All these terms make up our Insurance Claims Associate. This role performs moderately complex claim related activities related to non-technical claims in accordance with established and timelines standards on specific losses. As directed by management, the individual handles one or a combination of claim files.
This job offers you:
- Business hours: Monday through Friday, 8:00am-5:00pm
- Competitive wage - $22.00-$22.50
- Onsite/Full-Time/Temp Opportunity
- MyPath, a college tuition program that offers a free education up to a BS Degree.
- Skill certification courses specific to Call Center, Accounting and Team Lead roles.
- Recognition Programs - a time to celebrate YOU and your accomplishments.
- Weekly paychecks.
- Health, dental, life insurance benefits as well as stock options.

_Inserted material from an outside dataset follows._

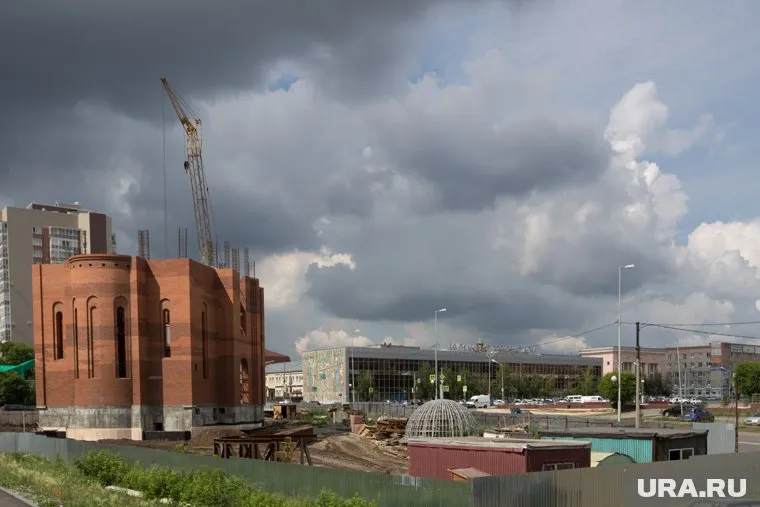 В Кургане уже строится Свято-Троицкий храм на берегу Тобола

Minimum Skills and Competencies:
- Bring your high school diploma or GED equivalent. Have 2-3 years of professional call center experience preferred.
- May require a life and health license, based on business unit requirements.
- Insurance background is preferred (health and life).
- Excellent level of communication skills (both written and verbal).
- Exceptional computer skills, including typing proficiency, multi-tasking between online applications, working knowledge of Microsoft products (Outlook, Excel, folders).
- Flexible and adaptable to business requirements for changes needed to service the customer.
- Collaborate with peers and management on special projects and committees.
- Apply good use of time management skills.
- Able to prioritize and multi-task.
- Perform clerical duties, including data entry, filing paper documents, checking email, manage calendars, and perform word processing.
- Handle claim files (locate/request files, file paperwork, reconstruct missing files, move misfiled documents, send to other offices, etc.).
- Made and maintain a connection with the customers by understanding and meeting their needs.
- Receive, screen, and route incoming telephone calls and other electronic correspondence.
- Contact or receive contact from customers or other claim related third parties to obtain and/or provide necessary file information to comply with quality and process standards.
- Retrieve, print and fax, or mail supporting documentation to vendors or others as directed.
- Investigate prior losses and other information on file and order reports as needed at the direction of adjusters and management.
- Assist adjusters with more complex claim handling, analyze documentation and settle basic, straightforward, and routine claims quickly and efficiently.
- Complete all necessary forms, log documents into the system, and route them to the appropriate parties.
- Participate in or assist in training new or less experienced employees and demonstrate work processes.